The liquid from the Bucket is a powerful fertilizer–very nutrient and microbe rich. I wouldn’t use in the same way as EM for cleaning, but diluted 1:1000 makes a good tonic/fertilizer for house plants, etc.

Also, you can pour it down your drains, undiluted, to help keep them clean, and if you have a septic system it will help boost its performance. It also wouldn’t do any harm as a compost pile activator.

Oli Pool June 21, 2007 at 4:29 am

I put my first load of my scraps in my bokashi bin last night, but I’m conerned it’s too dry. My scraps were a few gone-off apples and some mouldy bread – and then I added the bokashi bran over the top. It seemed like there’s very little moisture in that – do you think it will be enough for the EM to get to work on it, or should I be pouring a bit of water into it?

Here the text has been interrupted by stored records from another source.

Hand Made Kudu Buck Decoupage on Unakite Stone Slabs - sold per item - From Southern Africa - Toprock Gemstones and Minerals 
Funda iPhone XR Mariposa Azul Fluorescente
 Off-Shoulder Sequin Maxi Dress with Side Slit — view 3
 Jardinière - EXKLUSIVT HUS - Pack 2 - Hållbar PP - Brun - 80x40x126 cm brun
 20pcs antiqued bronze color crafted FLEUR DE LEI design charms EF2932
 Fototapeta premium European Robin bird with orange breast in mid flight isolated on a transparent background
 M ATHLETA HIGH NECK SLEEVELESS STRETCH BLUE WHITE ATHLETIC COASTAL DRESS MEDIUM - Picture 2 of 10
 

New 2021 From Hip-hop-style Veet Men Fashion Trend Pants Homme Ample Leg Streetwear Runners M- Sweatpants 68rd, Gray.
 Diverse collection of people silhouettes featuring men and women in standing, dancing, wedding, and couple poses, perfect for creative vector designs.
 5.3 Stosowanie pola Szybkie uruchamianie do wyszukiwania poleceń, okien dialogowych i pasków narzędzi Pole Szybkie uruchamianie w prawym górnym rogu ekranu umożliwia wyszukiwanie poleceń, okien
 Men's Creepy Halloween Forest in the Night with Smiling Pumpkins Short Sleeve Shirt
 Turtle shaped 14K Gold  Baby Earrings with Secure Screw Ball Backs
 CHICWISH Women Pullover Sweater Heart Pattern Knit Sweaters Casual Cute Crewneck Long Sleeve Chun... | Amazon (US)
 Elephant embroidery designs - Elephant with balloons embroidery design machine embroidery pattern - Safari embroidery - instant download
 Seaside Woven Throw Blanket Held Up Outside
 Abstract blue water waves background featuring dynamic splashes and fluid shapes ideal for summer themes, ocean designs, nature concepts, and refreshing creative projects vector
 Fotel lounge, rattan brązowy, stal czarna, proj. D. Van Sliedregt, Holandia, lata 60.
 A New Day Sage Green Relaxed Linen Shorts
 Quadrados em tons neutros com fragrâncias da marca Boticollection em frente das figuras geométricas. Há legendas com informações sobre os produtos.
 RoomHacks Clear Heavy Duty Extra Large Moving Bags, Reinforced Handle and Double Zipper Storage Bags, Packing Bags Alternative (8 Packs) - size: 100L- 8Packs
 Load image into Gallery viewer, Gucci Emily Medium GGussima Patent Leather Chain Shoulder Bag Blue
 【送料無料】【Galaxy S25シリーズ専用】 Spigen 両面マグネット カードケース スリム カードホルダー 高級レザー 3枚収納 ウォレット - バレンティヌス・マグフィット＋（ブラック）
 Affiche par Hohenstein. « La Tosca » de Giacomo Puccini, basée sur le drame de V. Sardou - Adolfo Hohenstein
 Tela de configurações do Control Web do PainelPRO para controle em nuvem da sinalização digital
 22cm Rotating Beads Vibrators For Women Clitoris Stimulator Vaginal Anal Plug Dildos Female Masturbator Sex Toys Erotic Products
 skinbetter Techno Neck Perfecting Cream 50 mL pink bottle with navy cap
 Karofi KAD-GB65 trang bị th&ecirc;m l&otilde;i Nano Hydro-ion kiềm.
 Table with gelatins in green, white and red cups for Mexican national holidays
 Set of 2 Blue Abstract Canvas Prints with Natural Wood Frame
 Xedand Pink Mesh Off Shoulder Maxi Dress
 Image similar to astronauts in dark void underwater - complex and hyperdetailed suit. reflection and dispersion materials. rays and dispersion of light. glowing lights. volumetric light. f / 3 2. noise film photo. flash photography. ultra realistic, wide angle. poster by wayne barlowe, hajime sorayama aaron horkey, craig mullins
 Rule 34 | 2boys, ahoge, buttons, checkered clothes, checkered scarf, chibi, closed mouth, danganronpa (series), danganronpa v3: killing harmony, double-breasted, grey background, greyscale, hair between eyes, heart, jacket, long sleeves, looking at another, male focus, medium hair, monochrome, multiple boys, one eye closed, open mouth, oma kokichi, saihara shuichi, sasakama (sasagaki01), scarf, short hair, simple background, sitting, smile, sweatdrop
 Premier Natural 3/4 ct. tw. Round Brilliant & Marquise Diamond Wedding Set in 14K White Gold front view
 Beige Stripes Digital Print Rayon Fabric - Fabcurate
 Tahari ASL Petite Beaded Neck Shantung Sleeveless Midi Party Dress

neal June 21, 2007 at 7:57 am

Oli, Don’t add any extra water. There should be enough moisture in the apples, and bread to activate the Bokashi and pickle the scraps. As you add more scraps to the bucket, the moisture level will climb.

My most successful batches of Bokashi have been the ones without any extra moisture of any kind. As soon as you introduce moisture in excess it overloads the system. You also have to make sure to drain the liquid out more often.

Soup stock bones, sour milk, moist pulp of any kind all take extra Bokashi bran and extra attention to make sure they don’t sour the balance of the system and overload the capacity of the microbes and things can go funky without extra care.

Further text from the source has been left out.